THE roadmap for eliminating riba from Pakistan’s financial system from 2028 offers some clarity on how the government intends to implement the four-year-old Federal Shariat Court ruling. The policy direction itself was settled when the government embraced the court’s verdict by incorporating its deadline into the Constitution through the 26th Amendment, a move seen as part of a political bargain to secure the support of religious parties for the amendment.
Uncertainty has persisted over how an economy deeply integrated with conventional banking and global capital can manage such a profound transition. By opting for a gradual, contract-respecting approach, the government has committed itself to honouring existing obligations until maturity.

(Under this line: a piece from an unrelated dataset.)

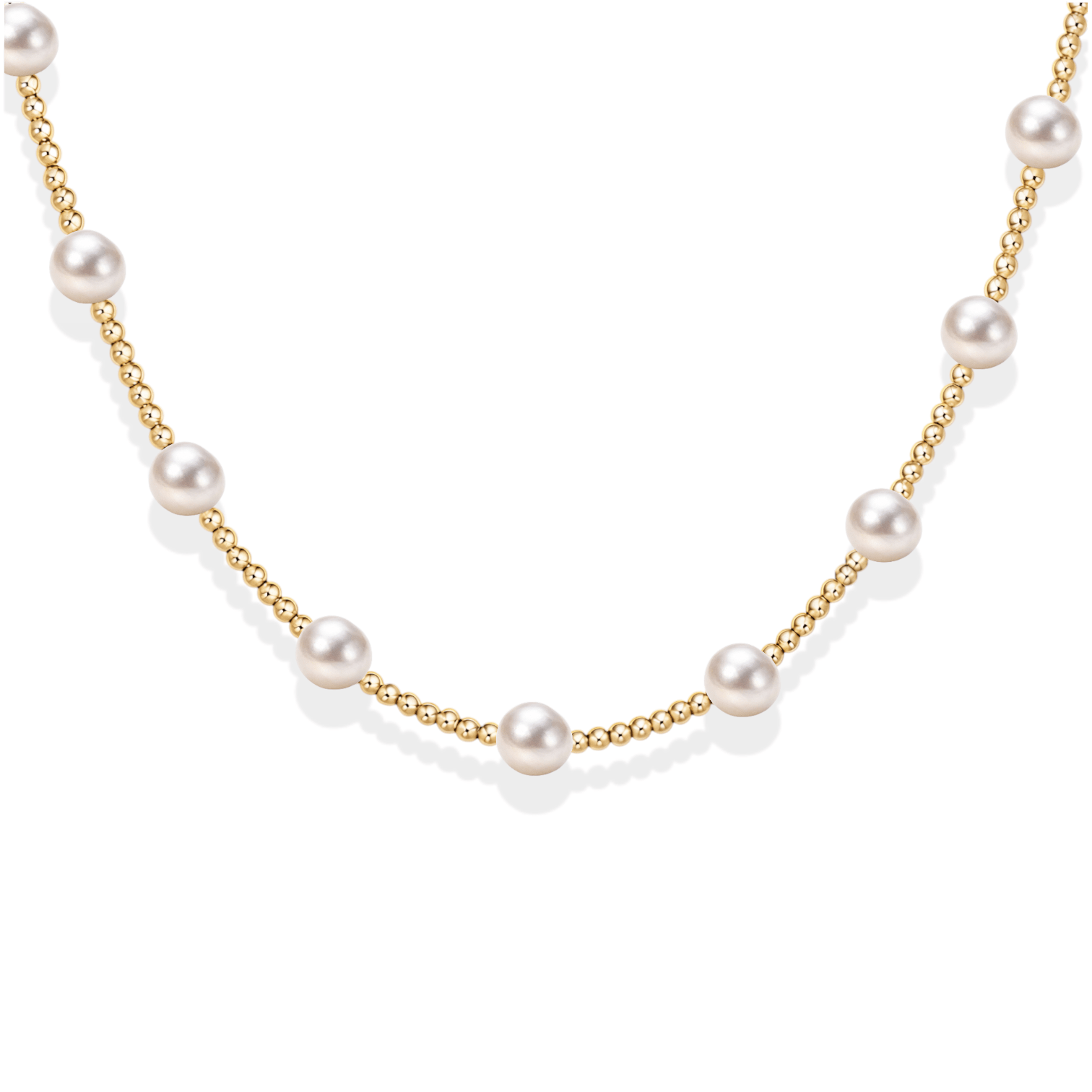 Bara | Gold Filled Beaded Necklace with Pearls - Bara Boheme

This preserves legal certainty, protects investor confidence and avoids financial disruption. The decision to allow most foreign-owned banks to continue operating hybrid models offering both conventional and Islamic banking services is also a step in the right direction as complete uniformity is neither practical nor desirable.

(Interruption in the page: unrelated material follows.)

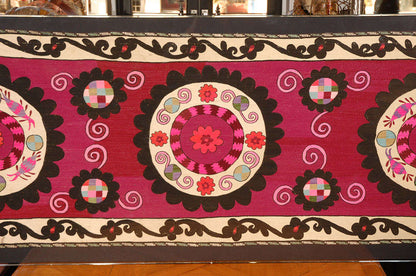 Vintage Uzbek Suzani Silk Embroidery in Lucite Frame, Floral Medallions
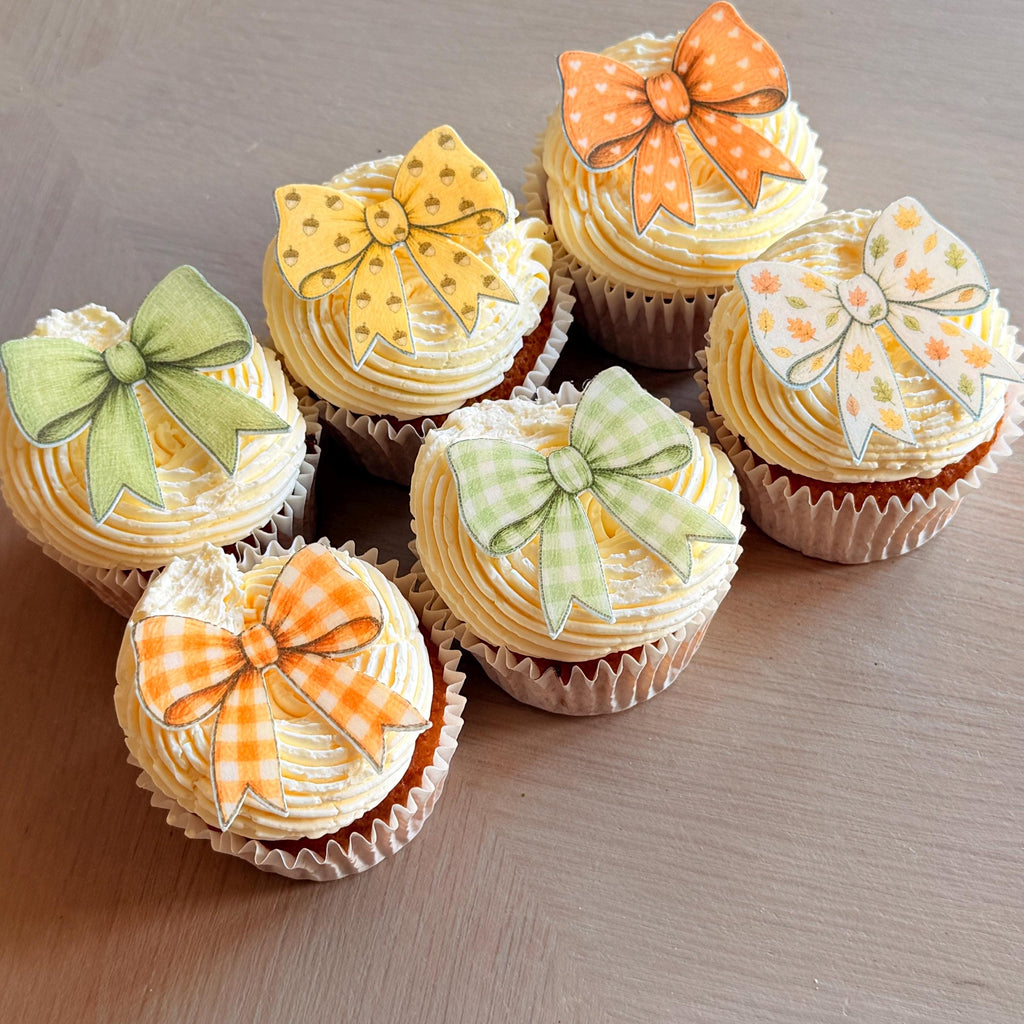 Autumn Bow Edible Cupcake Toppers, Sage & Orange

The roadmap is only the beginning. The challenge lies in executing it. Pakistan’s Islamic finance sector has expanded rapidly, but still lacks the depth, diversity and liquidity management tools to support an economy of this size. The government’s commitment to regular issuance of sukuk across different maturities addresses a big structural weakness of the sector.
The proposal to develop a comprehensive register of federal assets is another important reform for sustained sukuk issuance and reduced reliance on the limited stock of assets currently available for Islamic financing. The initiative will demand transparency, accurate valuation and robust governance to safeguard the credibility of asset-backed instruments.
However, the roadmap sidesteps an important debate among scholars, bankers and economists, centring on the lack of universal agreement on whether modern bank interest constitutes riba at all. Some argue that what is prohibited is exploitative lending and debt traps rather than every form of interest (return on the time value of money) on capital. Others agree with the FSC. Indeed, the coexistence of conventional and Islamic banking in Muslim-majority countries, and the relatively modest penetration of Islamic banking despite decades of policy support suggest that many still prefer a choice.
The government’s own decision to allow foreign-owned banks to continue offering hybrid services implicitly recognises this reality. It is then difficult to justify denying the same flexibility to domestically owned banks. The government’s intention to seek Sharia-compliant external financing where ‘feasible’ is itself an implicit endorsement of personal choice. If financial stability and consumer choice warrant a hybrid or dual system, market preferences should be allowed to evolve naturally rather than through regulatory compulsion. If the aim is to build confidence in Islamic finance, competition and performance will prove more effective than compulsion.